[WHAT YOU NEED TO DO]
Please keep to the lines below from the one with "jovenes estudiando con" through the one with "Sekretaris PP Muhammadiyah, Muhammad", and restate them word for word, ends included.

[RECORDS]
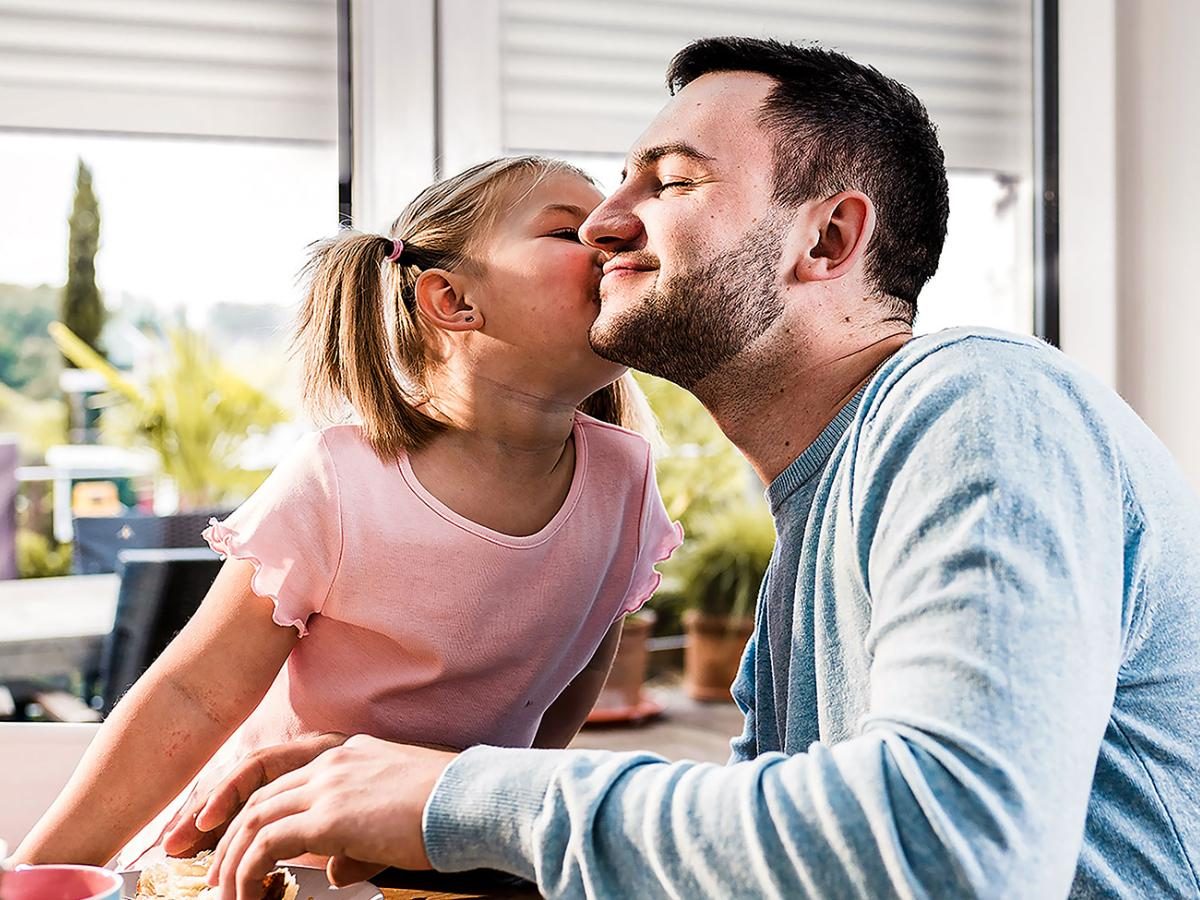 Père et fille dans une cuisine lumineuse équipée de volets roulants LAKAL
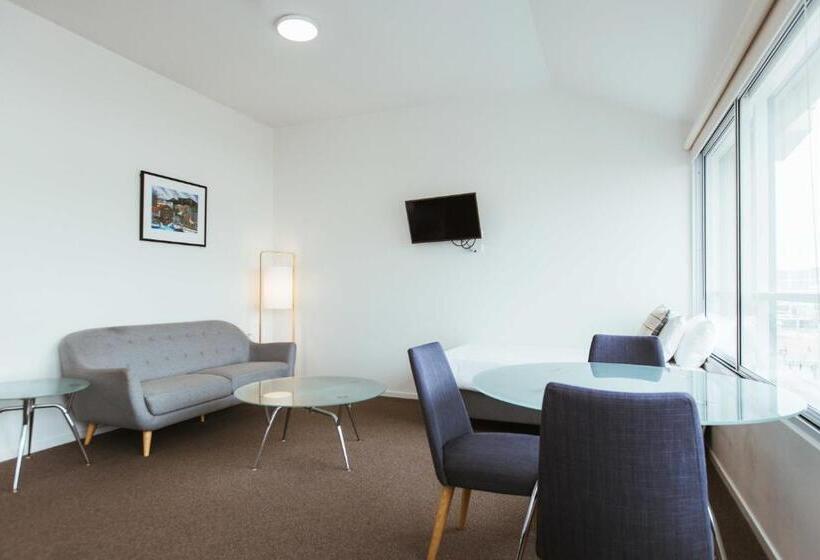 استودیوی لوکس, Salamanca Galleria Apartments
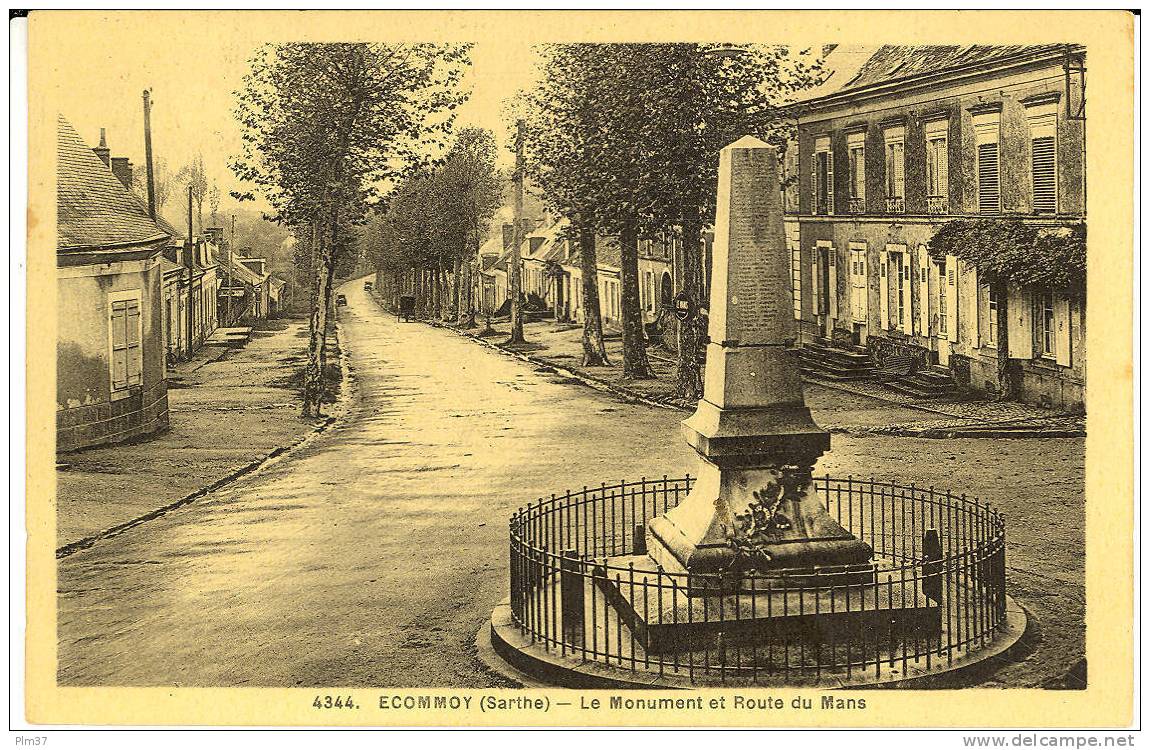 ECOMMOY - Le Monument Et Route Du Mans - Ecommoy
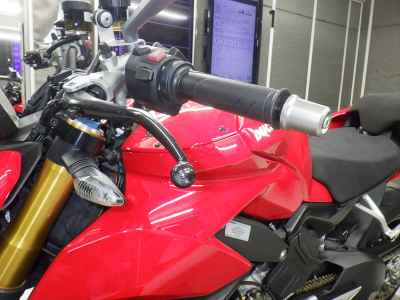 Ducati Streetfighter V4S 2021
---
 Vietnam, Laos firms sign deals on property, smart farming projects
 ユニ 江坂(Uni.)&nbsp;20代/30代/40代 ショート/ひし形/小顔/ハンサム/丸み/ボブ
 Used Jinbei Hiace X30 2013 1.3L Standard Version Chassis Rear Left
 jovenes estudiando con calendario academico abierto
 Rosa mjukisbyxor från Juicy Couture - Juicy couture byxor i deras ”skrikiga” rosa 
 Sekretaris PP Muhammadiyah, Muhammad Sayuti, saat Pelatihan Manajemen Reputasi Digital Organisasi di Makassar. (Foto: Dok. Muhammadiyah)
* * *
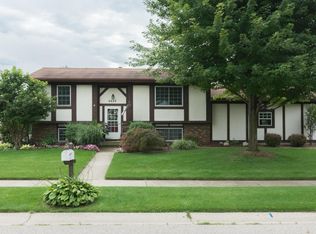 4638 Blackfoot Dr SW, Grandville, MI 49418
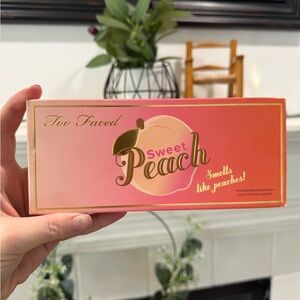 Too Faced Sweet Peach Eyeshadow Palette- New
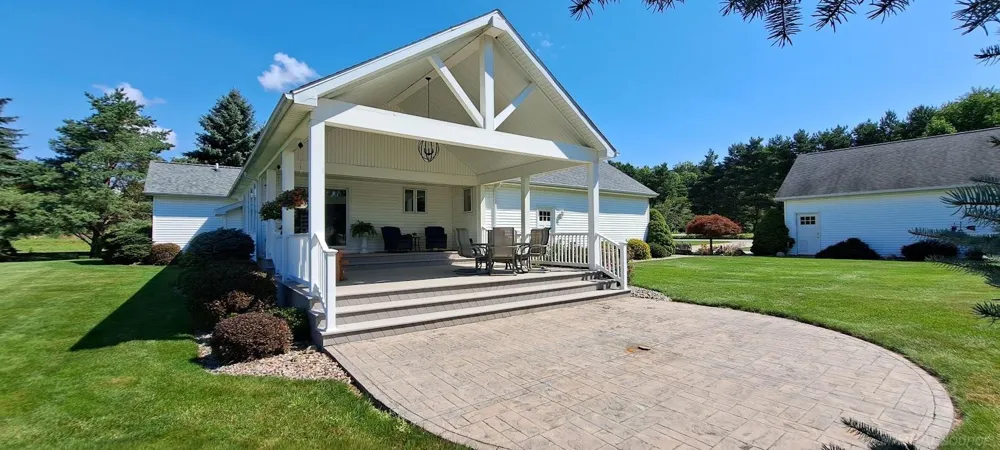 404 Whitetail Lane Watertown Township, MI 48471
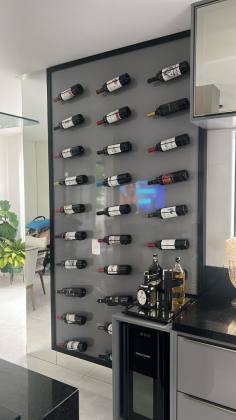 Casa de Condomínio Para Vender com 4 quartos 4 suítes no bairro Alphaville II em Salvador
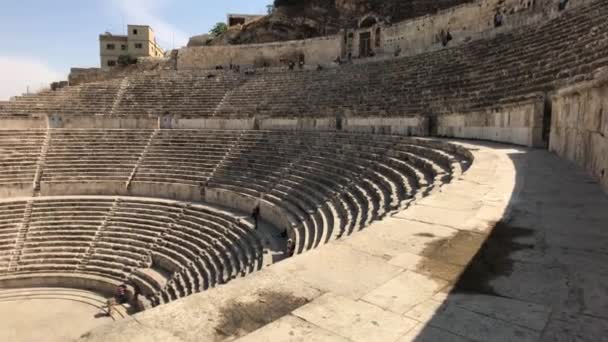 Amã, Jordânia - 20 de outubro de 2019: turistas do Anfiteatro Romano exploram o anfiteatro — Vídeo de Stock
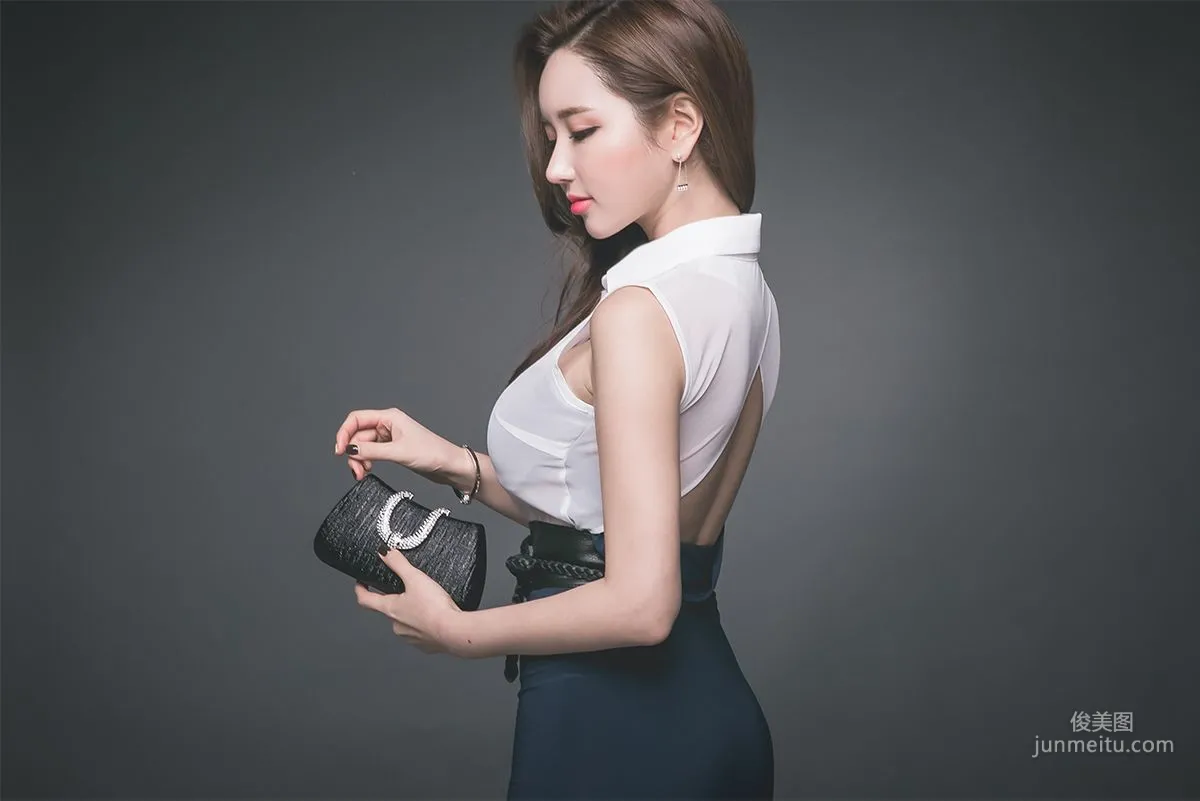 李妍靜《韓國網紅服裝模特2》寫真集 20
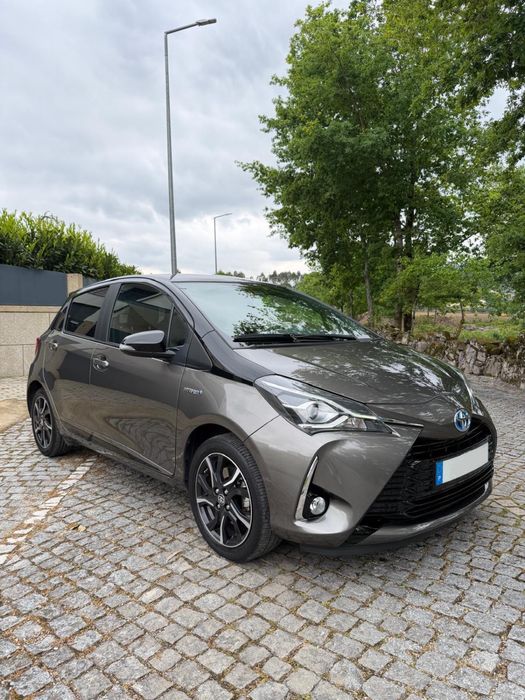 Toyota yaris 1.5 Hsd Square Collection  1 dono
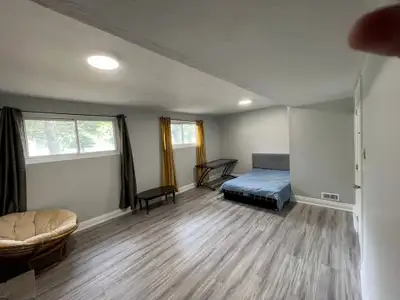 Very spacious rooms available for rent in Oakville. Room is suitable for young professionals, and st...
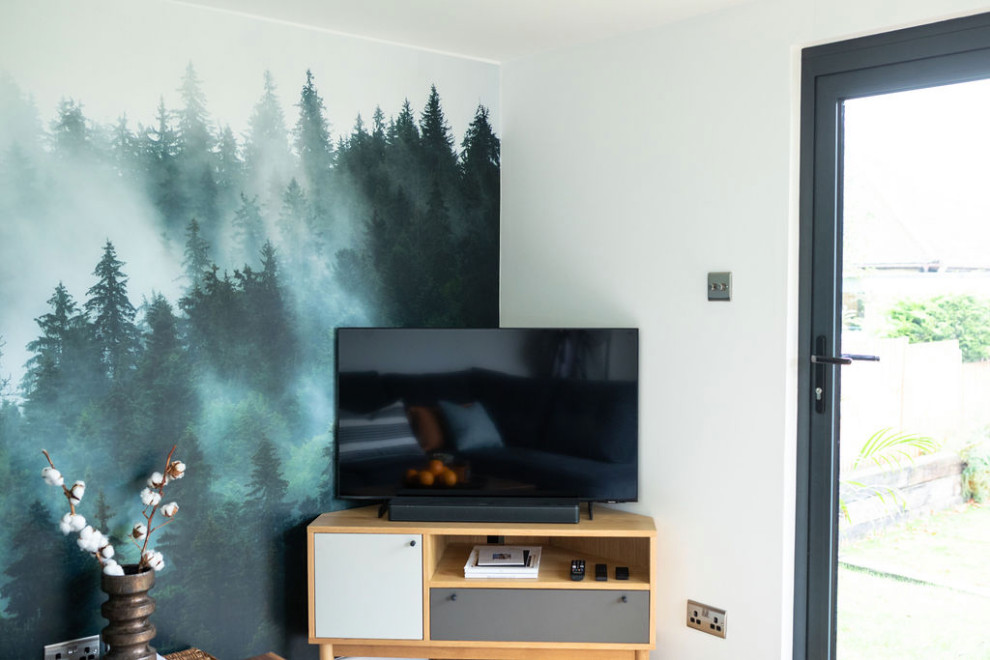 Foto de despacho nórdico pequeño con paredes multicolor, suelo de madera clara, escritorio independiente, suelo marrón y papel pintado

[ANSWER TO THE PROBLEM]
 jovenes estudiando con calendario academico abierto
 Rosa mjukisbyxor från Juicy Couture - Juicy couture byxor i deras ”skrikiga” rosa 
 Sekretaris PP Muhammadiyah, Muhammad Sayuti, saat Pelatihan Manajemen Reputasi Digital Organisasi di Makassar. (Foto: Dok. Muhammadiyah)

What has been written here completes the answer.